Stream of Thought on Memory

I have this vague memory of a movie from my childhood, from back in the days when nothing came on demand and you watched whatever the limited selection of television offered. Back when commercials were a given and television was still an event. When everyone watched the same stuff at the same time and spoilers hadn’t been annoyingly discovered yet.

I can’t remember much at all about the movie. I just know it was creepy enough to fascinate my childhood imagination without being scary enough to really traumatize it. I know it was a mystery, and even better, a murder mystery. That is something my Hardy Boys books never offered me. It had a bunch of gruesome deaths, revealed in theatrical fashion. It was called, “Who is Killing the Great Chefs of Europe?”

Every once in a while I look to see if it is available. I think I would like to revisit it. But, then again, maybe I shouldn’t. Every other film I’ve watched or owned from that era—even when they are great films—somehow miss the feeling my memories of that television viewing evokes. It might be like going back to places from my past. They feel weird. Not quite the same place. Somehow, they are out of time. You can never, really, go back.

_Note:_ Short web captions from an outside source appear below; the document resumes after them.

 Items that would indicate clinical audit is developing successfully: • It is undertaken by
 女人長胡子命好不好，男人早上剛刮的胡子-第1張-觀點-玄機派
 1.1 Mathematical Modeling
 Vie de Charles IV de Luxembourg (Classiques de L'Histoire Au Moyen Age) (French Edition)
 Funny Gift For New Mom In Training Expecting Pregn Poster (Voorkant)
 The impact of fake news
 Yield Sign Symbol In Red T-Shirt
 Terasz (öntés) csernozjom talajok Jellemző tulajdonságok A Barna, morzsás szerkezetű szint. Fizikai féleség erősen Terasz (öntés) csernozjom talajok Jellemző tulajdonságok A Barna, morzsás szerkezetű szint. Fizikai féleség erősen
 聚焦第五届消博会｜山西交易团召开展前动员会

We live in a wondrous time. We pretty much have the sum of all human knowledge, creativity, and culture at our finger tips. Yet somehow it is as though we are filtered out of reality. Seeing the Great Barrier Reef from a satellite picture in real time—or even through tourist snapshots or live video streams—is not the same as being there. A photo of the Mona Lisa—or a live camera feed from the Louvre—doesn’t really translate.

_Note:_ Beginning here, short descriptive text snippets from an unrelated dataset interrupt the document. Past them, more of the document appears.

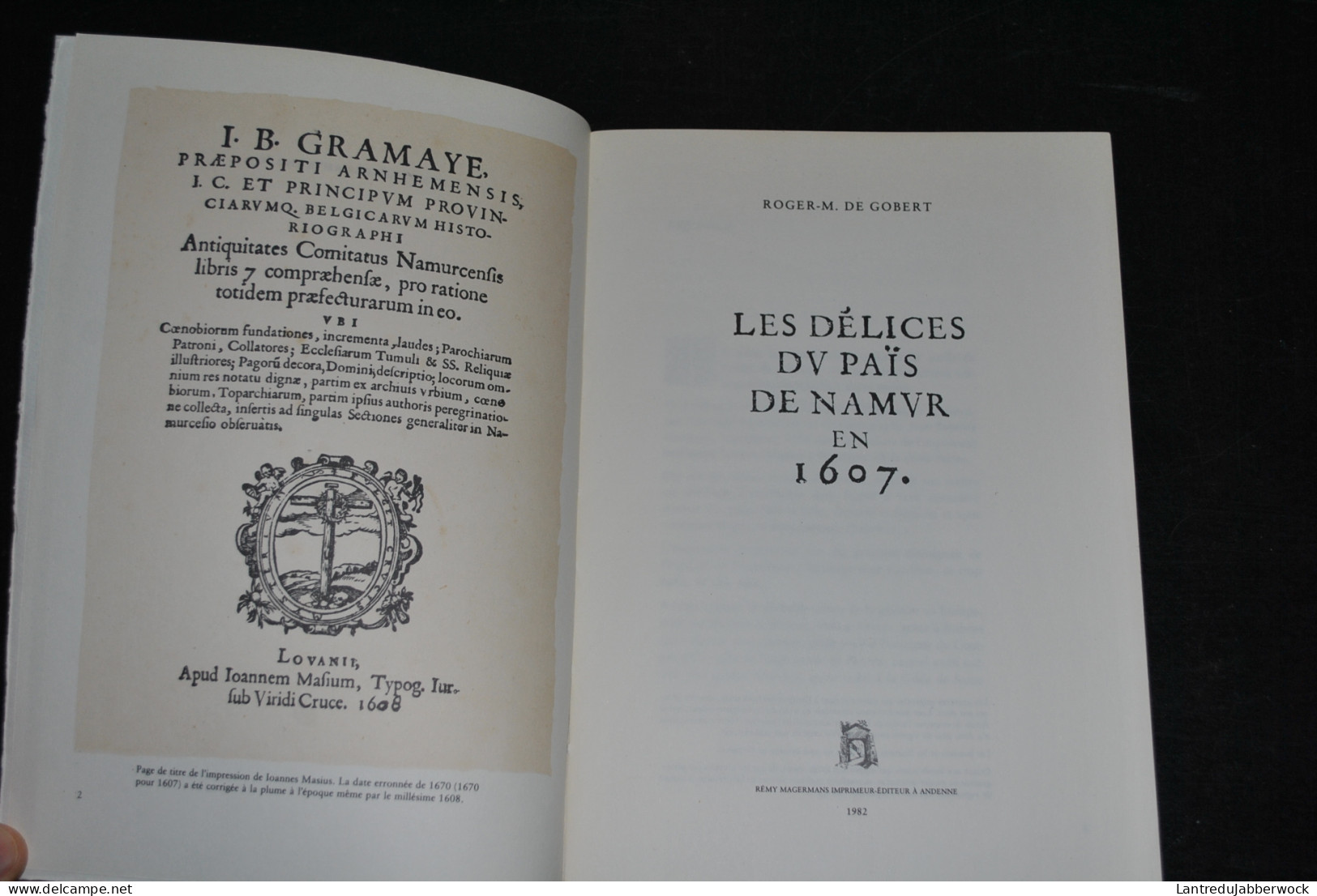 Roger-M. DE GOBERT Les Délices Du Païs De Namur En 1607 Rémy Magermans Andenne 1982 Géronsart Mielmont Spontin Taviers.. - Belgique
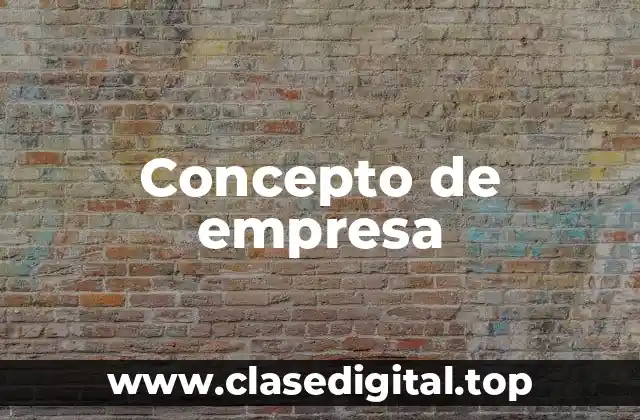 Concepto de empresa
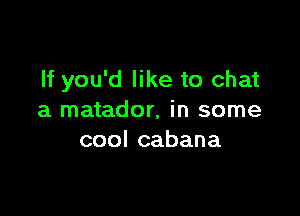 If you'd like to chat

a matador, in some
coolcabana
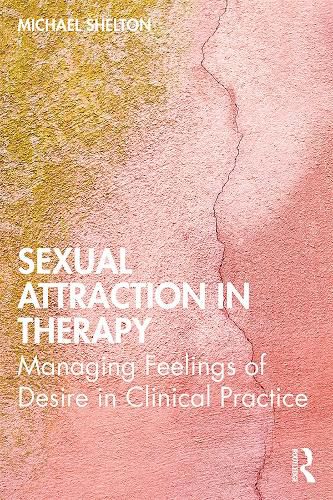 Cover image for Sexual Attraction in Therapy: Managing Feelings of Desire in Clinical Practice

I love the expanded knowledge and experience we are offered. But when it comes to capturing moments from our past, endlessly reliving them only seems to cheapen the memories. The faint recollection is endlessly more valuable and rich than the photo, video, or any other form of copy. And as memory aides, the further removed the better. So, a photo is better than a video. A journal entry better than a photo. You want to trigger the memory, not recast it.

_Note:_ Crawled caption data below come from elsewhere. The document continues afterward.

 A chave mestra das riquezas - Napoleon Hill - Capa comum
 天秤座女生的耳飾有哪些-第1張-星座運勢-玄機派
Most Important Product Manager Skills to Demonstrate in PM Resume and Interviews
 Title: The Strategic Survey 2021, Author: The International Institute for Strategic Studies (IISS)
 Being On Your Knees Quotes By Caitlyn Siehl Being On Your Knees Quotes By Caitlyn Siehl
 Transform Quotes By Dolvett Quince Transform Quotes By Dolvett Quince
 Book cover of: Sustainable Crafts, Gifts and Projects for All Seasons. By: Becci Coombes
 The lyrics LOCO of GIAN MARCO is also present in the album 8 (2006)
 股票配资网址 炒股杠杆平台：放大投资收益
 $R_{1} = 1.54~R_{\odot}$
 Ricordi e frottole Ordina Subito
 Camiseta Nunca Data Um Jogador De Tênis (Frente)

Experts tell me, every time you relive a memory you are not remembering the event, but rather your most recent recollection of it. It is as if your brain re-records the memory every time you play it. As delicate a process as that may seem, and as unreliable that renders our memories over time, it seems all of our digital recording of life worsen things. We don’t carry our delicate personal perspective of events around anymore, but rather the camera perspective of things. I remember my childhood as a collage of moments seen through my eyes. Do today’s kids see their childhood through their own eyes? Or do they carry around a collection of moments starring them, with the camera not seeing the world from their perspective but focused on them?

How does that shape their understanding of the world?